The latest Rasmussen poll has President Obama at 19% strong approval versus 45% strong disapproval, for a Presidential Approval Index rating of -26. The polling firm declares this “the lowest Approval Index rating yet measured for President Obama,” noting that “the previous low was -24, reached yesterday and also in September 2010.”
Some interesting polling numbers on issues came in as well:
Only 20% think government anti-poverty programs reduce poverty. Seventy-one percent (71%) believe too many people get welfare who should not be getting it. Only 18% believe the opposite is true. Fifty-nine percent (59%) think immigrants who follow the law and enter the United States legally should have to wait three years or more before collecting welfare benefits.
Forty-two percent (42%) of American Adults believe corporations pay too little in taxes, while 24% feel they pay too much. Most (59%) think it is better to have lower corporate tax rates and very few deductions than to have higher tax rates and lots of deductions. Seventy-nine percent (79%) recognize that corporations generally pass higher taxes along to their customers in the form of higher prices.
The percentages who recognize that corporate taxes are passed along to customers, and simpler taxes with lower rates would be superior to the current system, are encouraging. The Obama method of vast government spending and complex regulation appears to be suffering the same kind of rejection as the President himself. His endless bleating about corporate jets doesn’t seem to have gotten him anywhere with the electorate.
Meanwhile, a new Gallup poll has Obama losing the 2012 election to Mitt Romney, tying with Rick Perry, and only narrowly edging out Ron Paul and Michele Bachmann.

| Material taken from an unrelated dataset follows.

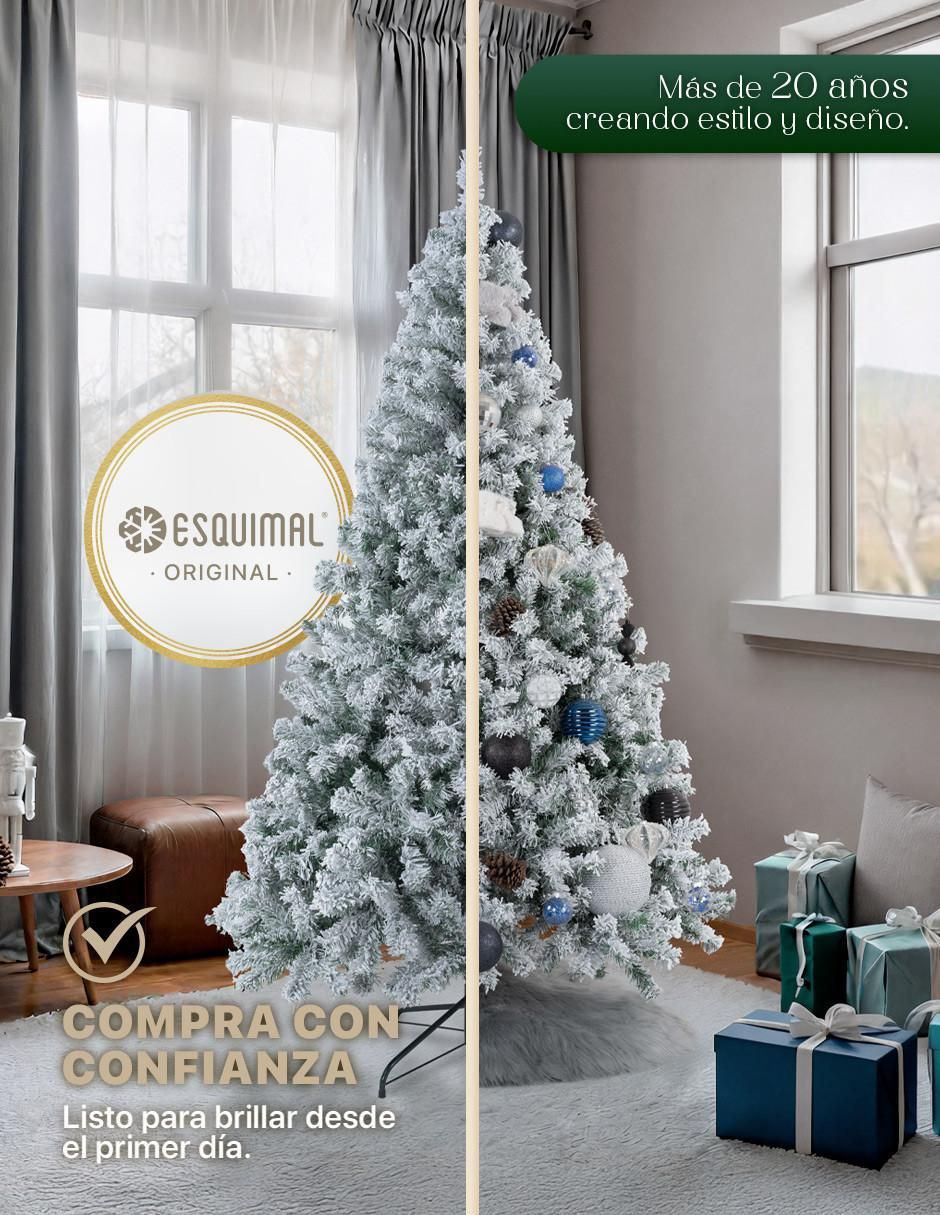 Árbol de navidad Clasico Nevado 5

Until now, Obama has only suffered that kind of poll beating against the mysterious right-wing superhero known as Generic Republican.
The momentum of failure is difficult for Obama to escape. Public impressions of candidates form in strange ways. The media can consciously influence this process, but they don’t fully control it. People can only hear the same old excuses wheeze out of Obama so many times before they conclude there is nothing to be gained by listening to him anymore. They can only hear the same old failed policies repeated so many times before it all becomes a meaningless hiss of white noise. That’s a bad place for any re-election campaign to be.

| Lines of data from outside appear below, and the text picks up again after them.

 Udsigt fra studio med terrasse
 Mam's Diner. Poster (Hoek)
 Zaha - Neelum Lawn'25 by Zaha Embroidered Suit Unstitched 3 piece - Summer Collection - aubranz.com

Obama partisans have tried to claim victory in various public-relations battles, only to miss how thoroughly they were losing the war. The elder George Bush went through something similar, when dealing with his own economic woes. The aura of disengagement and ineffectuality hung around him like a political burial shroud, causing even people who didn’t “hate” him to tune out.
The legendary grocery store checkout incident, in which some polite interest in bar code scanners by President Bush was transformed into a caricature about an out-of-touch elitist who had clearly never been in a grocery store, provides a useful example. It didn’t just stick to him because the media pushed the story hard. It stuck because so many people had already formed that conclusion about Bush. The momentum that swept him out of office had become irresistible, and Bill Clinton knew how to ride the wave.
Something similar is happening to the media’s most beloved President, the man they carried across the finish line with gusto in 2008. There’s nothing good for them to spin. There’s no way to put a happy face on his utterly catastrophic decision to party in Martha’s Vineyard while the American economy groans through the Obama Depression. There’s no way to spin his absurd “bus tour” as anything but a pointless waste of taxpayer money. His hollow pose of post-partisan unifying idealism was lost forever in the bitter debt-ceiling battle. His speeches have become a drinking game played with bottles of milk of magnesia.
An angry public might be finessed. It’s tough to win them back after they grow bored.